Chen points to the difference in latencies between 4G networks and 5G ones. For cars, he says, latency on an LTE network is just too high for vehicles moving at realistic speeds.
“If you want to use 4G technology to control a car, you need to reduce latency or distance by factor of 100 at least. So that is a big design goal for 5G.
“When you design a new protocol, as we do, you have these aims to make it 10x better or 100x better but it is very difficult. And even then, once you deploy a network, there is the implementation side. But this stuff is certainly not ready for prime time yet.”
He pauses. “Once you all use all the use cases here, people probably will figure out that, guess what: 5G networks are still not good enough. You need more bandwidth, higher resolution, lower latency, and lower power consumption. At the moment, there are a lot of restraints based on power usage.”
But 5G, he adds, will still be important, especially in the development of 6G, because for InterDigital and its partners, there will be lessons to learn from what 5G did and did not achieve. It will also act as a framework for 6G.
“If we look at the history, in the mobile space, at least, every generation of technology builds on top of the previous one. And there’s a set of common technologies, so you try to take it forward and try to make it better. Then there are some brand new technologies you create that are unique to that generation.
Algorithm of the night
While one of the other pillars for InterDigital is broadcasting, I’m keen to learn more about the role AI will play in Chen’s vision of the future. Why, of all the new tech on the horizon, is the company so focussed on Artificial Intelligence?

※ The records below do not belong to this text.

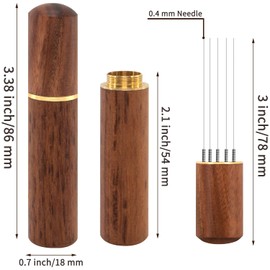 Zolunu Espresso Coffee Stirrer 5 Needles 0.4mm Espresso Distribution Tools, Natural Wood Handle and Stand (Rosewood)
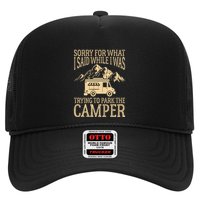 RV Camping Retro I Said While I Was Trying To Park The Camper Trucker Hat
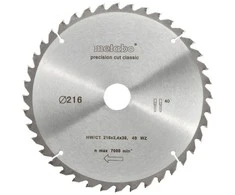 Pjovimo diskas Classic 216x2,4/1,8x30mm, z40, WZ, -5°, Metabo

“If I tell you that, I’d have to kill you,” he quips. AI, he acknowledges, can mean different things to different areas of the technology industry. But for Chen and InterDigital, it is best viewed through two different lenses.
“One is the data, and how you use AI to train data capture,” he explains. “The other is the algorithm that makes up the frame of any system.” Though AI has often been developed behind closed doors, there is now more of a push to make it open source. Is this a problem for a company that relies on patents to make money? Chen doesn’t think so, because it allows the industry to work on solutions that benefit everyone.
“We are a patent licencing business, even though the main focus is on standard-essential patents, it is helpful to have communication patents also,” he says. “But we also work with an ecosystem. We have engineers, working partners. We work with universities, we support PhD students through our internship programmes. So the healthier the ecosystem become, the better off we are.”
With the algorithm, the question is how to you use AI and data to make your operations more efficient? If you can use an algorithm to achieve this efficiency, and work with some open source tools that have been invented for AI, you can improve your operation.
If you apply this to other technologies that InterDigital is working on, such as 6G, it really starts to make sense. An AI powered telecoms network can learn more about how a consumer uses their device and react accordingly. If a user is more prone to streaming high-bandwidth content in the evening, the network can ramp up automatically. But, perhaps more importantly, it can self-learn ways to be more efficient.
“To make things more reliable, more efficient, and to start integrating with every phone in the world will be different. Your phone is learning and training yourself, too.”